CNN_LSTM: Train model from scratch without pre-trained Embedding, attention method is ByPixel

$ nohup python -u train.py --decoder_mode="lstm" --attention_method="ByPixel" --emb_dim=300 --dropout=0.1 --attention_dim=512 --decoder_dim=512 --alpha_c=1.0 --fine_tune_encoder=False --encoder_lr=0.0001 --decoder_lr=0.0001  2>&1 &

CNN_Transformer: Train model from scratch with pre-trained Embedding, attention method is ByPixel

$ nohup python -u train.py --data_folder="./dataset/generated_data" --n_heads=8 --dropout=0.1 --decoder_mode="transformer" --attention_method="ByPixel" --encoder_layers=2 --decoder_layers=6 --encoder_lr=0.0001 --decoder_lr=0.0001 --alpha_c=1.0 --fine_tune_encoder=False --embedding_path="./dataset/Glove/glove.6B.300d.txt" --fine_tune_embedding=False 2>&1 &

CNN_Transformer: Train model from scratch without pre-trained Embedding, attention method is ByChannel

$ nohup python -u train.py --data_folder="./dataset/generated_data" --n_heads=8 --dropout=0.1 --decoder_mode="transformer" --attention_method="ByChannel" --encoder_layers=2 --decoder_layers=6 --encoder_lr=0.0001 --decoder_lr=0.0001 --alpha_c=1.0 --fine_tune_encoder=False 2>&1 &

Resume training at a checkpoint (Prerequisite: You have a checkpoint.)
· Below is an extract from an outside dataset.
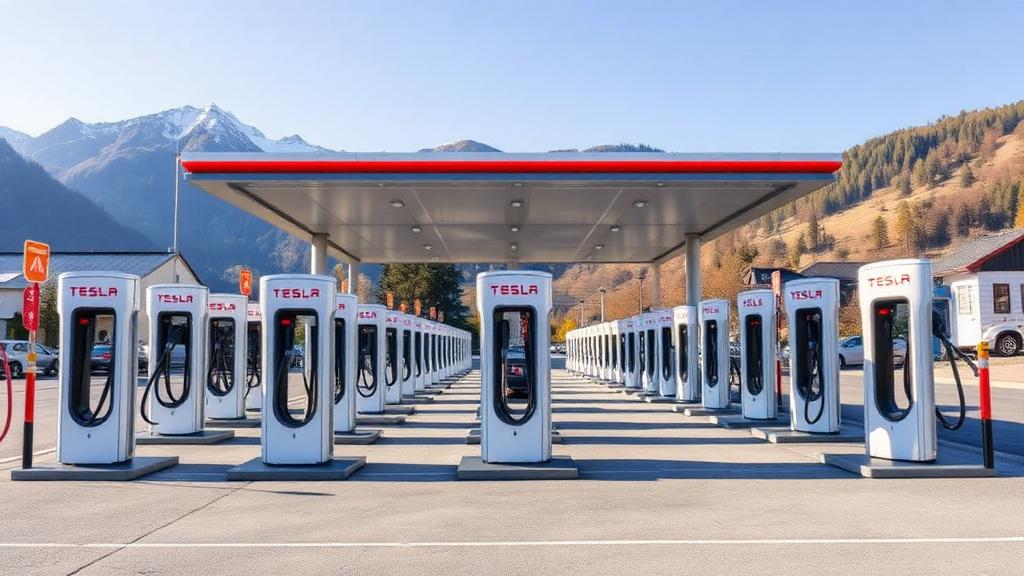 Informationen und Standort der Tesla Supercharger Füssen Part 1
$ nohup python -u train.py --data_folder="./dataset/generated_data" --checkpoint="./checkpoint_coco_5_cap_per_img_5_min_word_freq.pth.tar" --fine_tune_embedding=True --fine_tune_encoder=True --encoder_lr=0.0001 2>&1 &

Evaluating: Evaluating the trained model with Beam Search using test dataset. The score of automatic evaluation metrics will be provided.

$ nohup python -u eval.py --data_folder="./dataset/generated_data" --decoder_mode="transformer" --beam_size=3 --checkpoint="./BEST_checkpoint_coco_5_cap_per_img_5_min_word_freq.pth.tar" 2>&1 &

Captioning: Read an image and caption it with beam search. The output of this module is a generated caption and the visualization of attention.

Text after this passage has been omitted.